*RECORDED DATA*:
"""

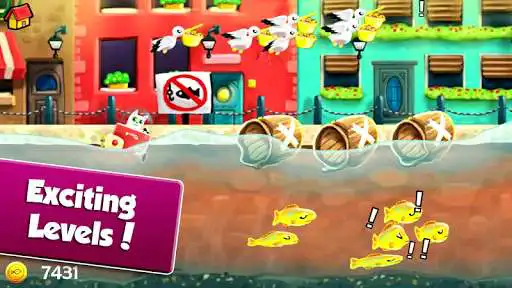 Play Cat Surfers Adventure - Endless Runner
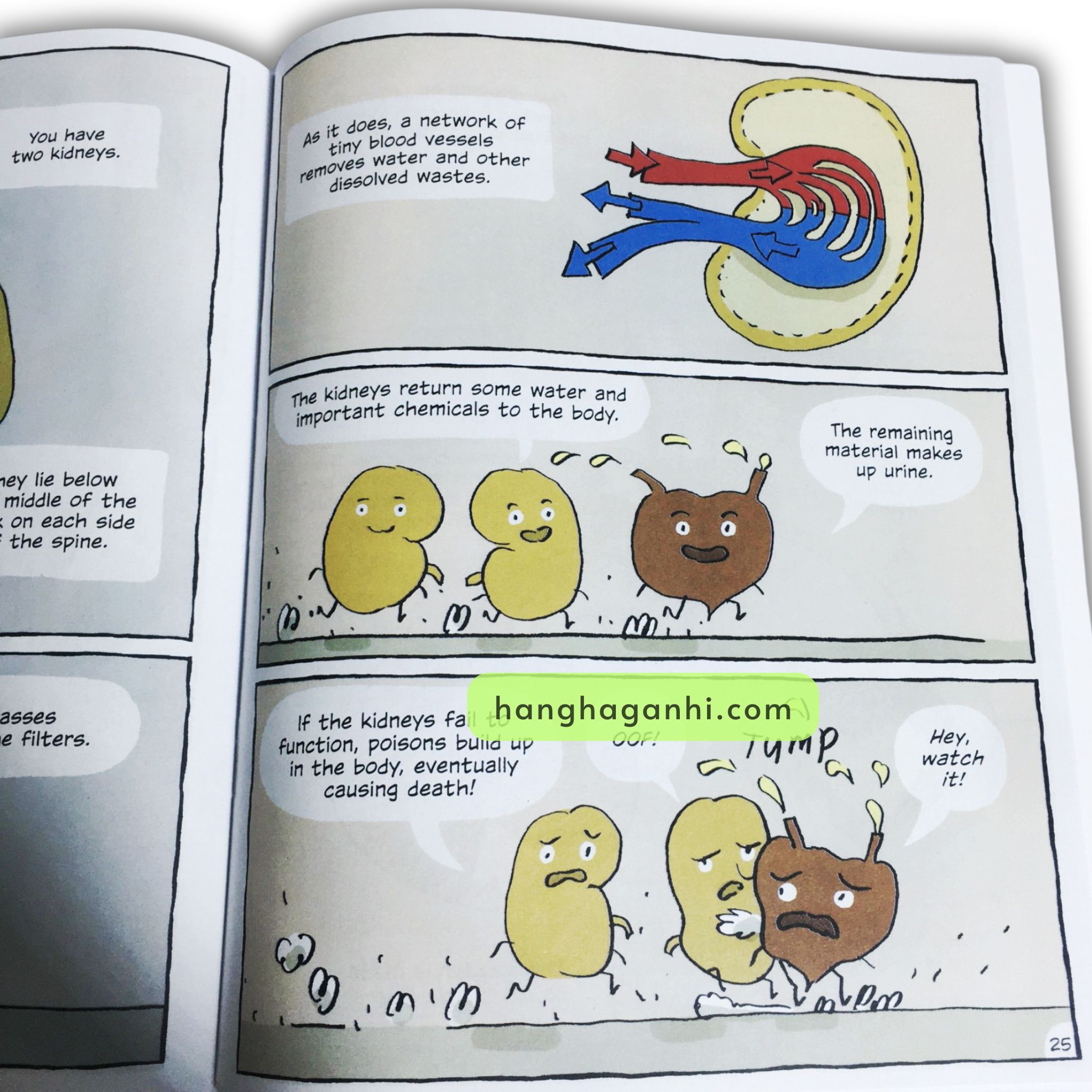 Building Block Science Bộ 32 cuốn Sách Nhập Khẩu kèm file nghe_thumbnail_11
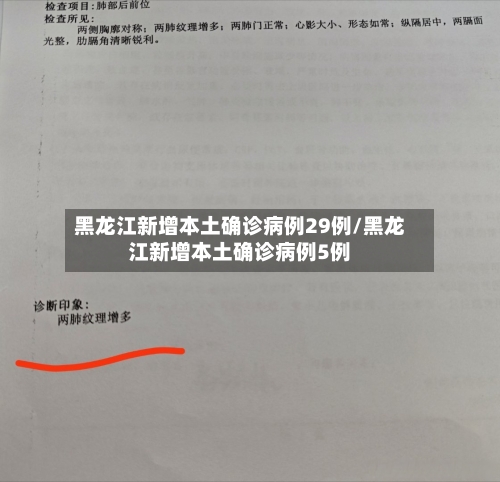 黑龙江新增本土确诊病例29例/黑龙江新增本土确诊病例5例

"""

*DESCRIPTION OF THE TASK*: The material above must be set down word for word, with no picture carried over.

*SOLUTION TO THIS EXERCISE*:
 Play Cat Surfers Adventure - Endless Runner
 Building Block Science Bộ 32 cuốn Sách Nhập Khẩu kèm file nghe_thumbnail_11
 黑龙江新增本土确诊病例29例/黑龙江新增本土确诊病例5例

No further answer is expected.